ハエの街

さとうまき

北イラクのアルビルは、とても暑い。不思議なことに、シリアやヨルダンよりは北に位置するのに、比べものにならないくらい暑い。50度を越えているだろう。歩いているだけで息が上がるのだ。

アルビルは、イラクでは一番近代化が進んでいるが、それでも辺境の地という感が否めないのは、遠くに聳え立つ山々とぎらぎらと照りつける太陽のせいか。もっとも太陽はどこでもぎらぎらと照りつけるものなのだが、50度をこえる空気は、太陽の水素爆発により発せられる熱線であり、何億光年もかけて地球に到着して、皮膚を焦がしていく。という非科学的な表現をすれば、いかに辺境かがわかるだろう。

そんなくそ暑い辺境で一人黙々とではなく、気勢を上げて働いている日本女性がいる。私と同じ年齢なのだが、アフリカで鍛えたせいか、基礎体力が違うのだ。しかし、住宅環境が悪く、近く引越すというので、様子を見に行く。確かに、アパートの階段の要り口には、生ゴミが回収されず悪臭を発し、ハエがたかっている。何よりも停電が多く、冷房が効かないし、水が出ないという。

仕事の話になると、ついつい力が入ってしまう。議論が盛り上がると息が荒くなる。
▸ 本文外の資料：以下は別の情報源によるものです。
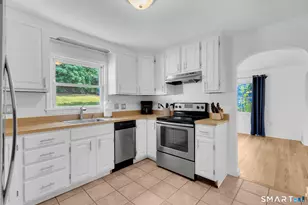 23 Oldroyd St, Milford, CT 06461 - Photo 13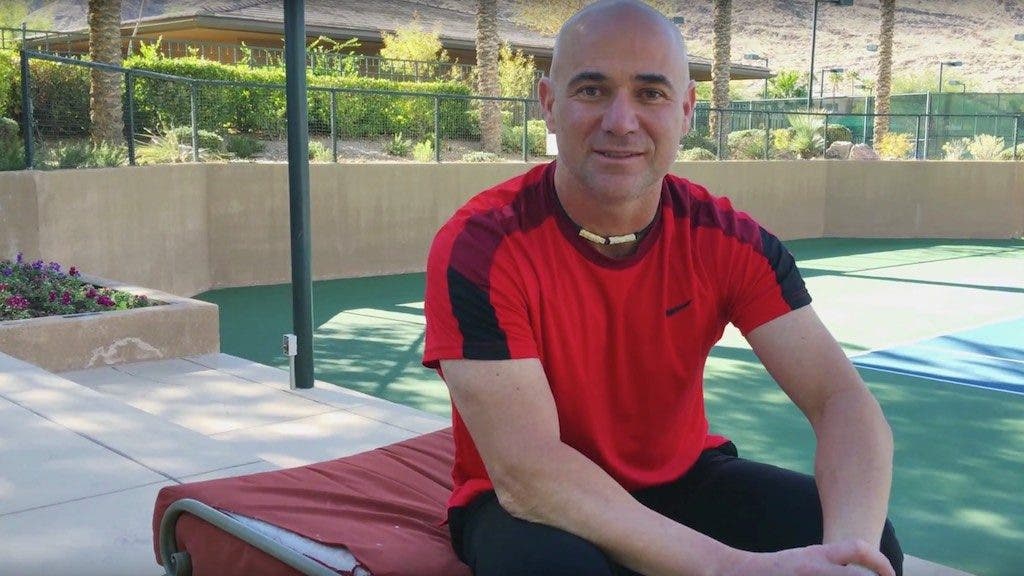De Agassi para Agassi: «Corta o cabelo!»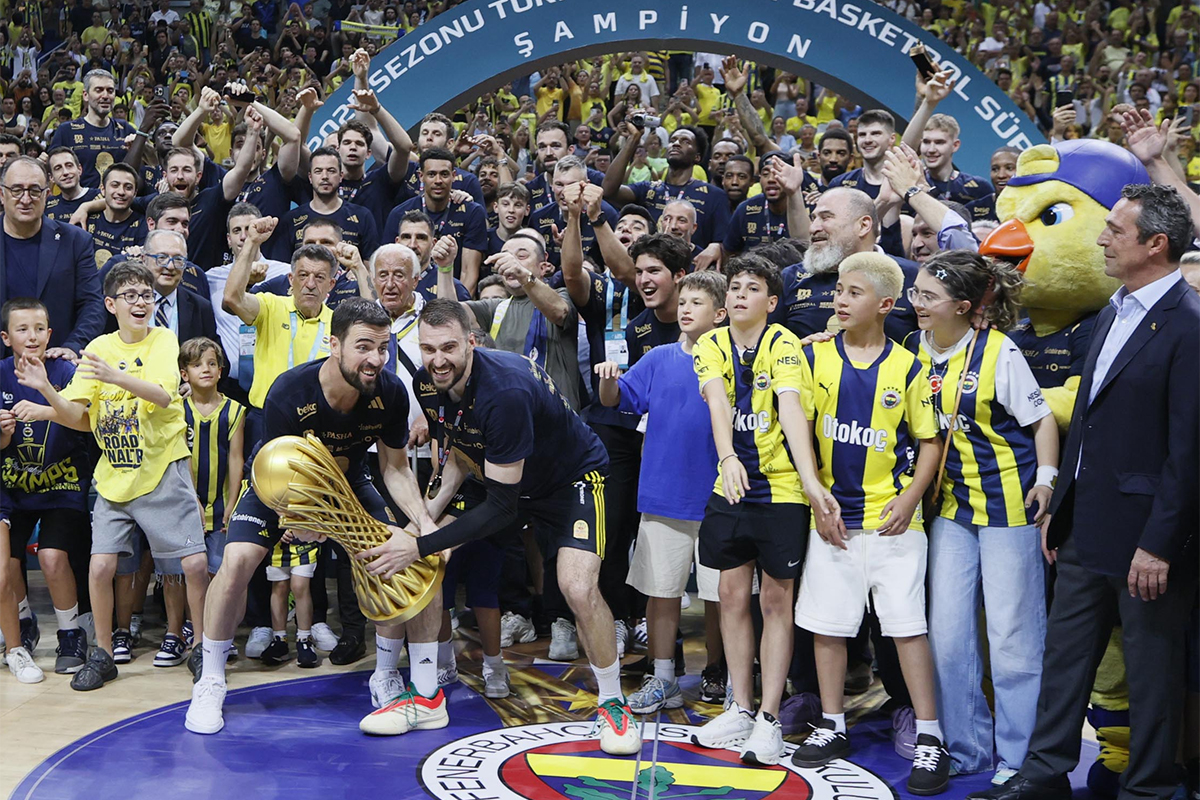 Şampiyonluk sonrası Fenerbahçe Beko'dan Galatasaray'a transfer: Anlaşma tamam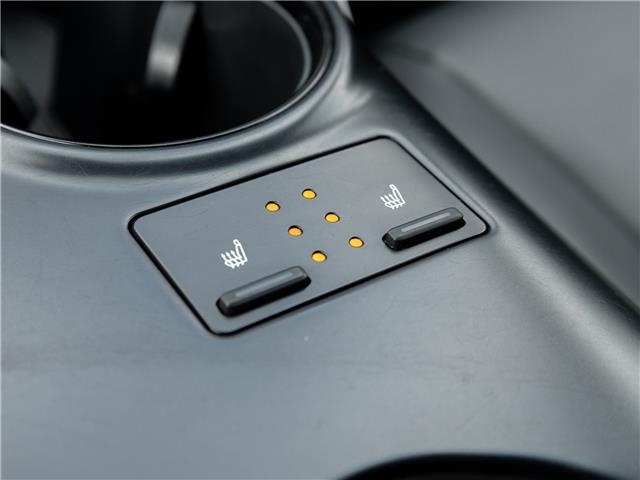2019 Toyota Camry  (Stk: 15105695AA) in Richmond Hill - Image 19 of 27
口角泡を飛ばすという言葉があるが、そんな感じで、僕たちはお互いの不満をぶつけていた。
「ともかく、311後、日本は変になってしまったんだ!」
その時、急に話が途絶えた。
「あ、ハエを飲み込んだ」と彼女。
確かに、ハエは、水分を求めて唇の周りをうろうろ飛んでいるが、つい口の中に入ってしまう事がよくある。
「どうしようって、ぺって出したら?」
僕は、目の前をハエが飛んでいることに気がつかなかったので、彼女の口からペッとハエが飛び出してくるまでは、信じられなかった。
「今、この辺で動いている」彼女はのど仏のあたりを指差した。
「あ、落ちた。。。〈胃の中に〉」
Sさんは、議論を吹っかけた私の方をにらんで、「どうしてくれるの!」といわんばかりだ。それでも僕は、ハエを一息で飲み込んでしまうなんて信じがたかった。
「うーん、胃液で死んじゃうから大丈夫じゃないかなあ」といい加減な返事をしたが、その夜、彼女は強烈な腹痛にのたうちまわったそうだ。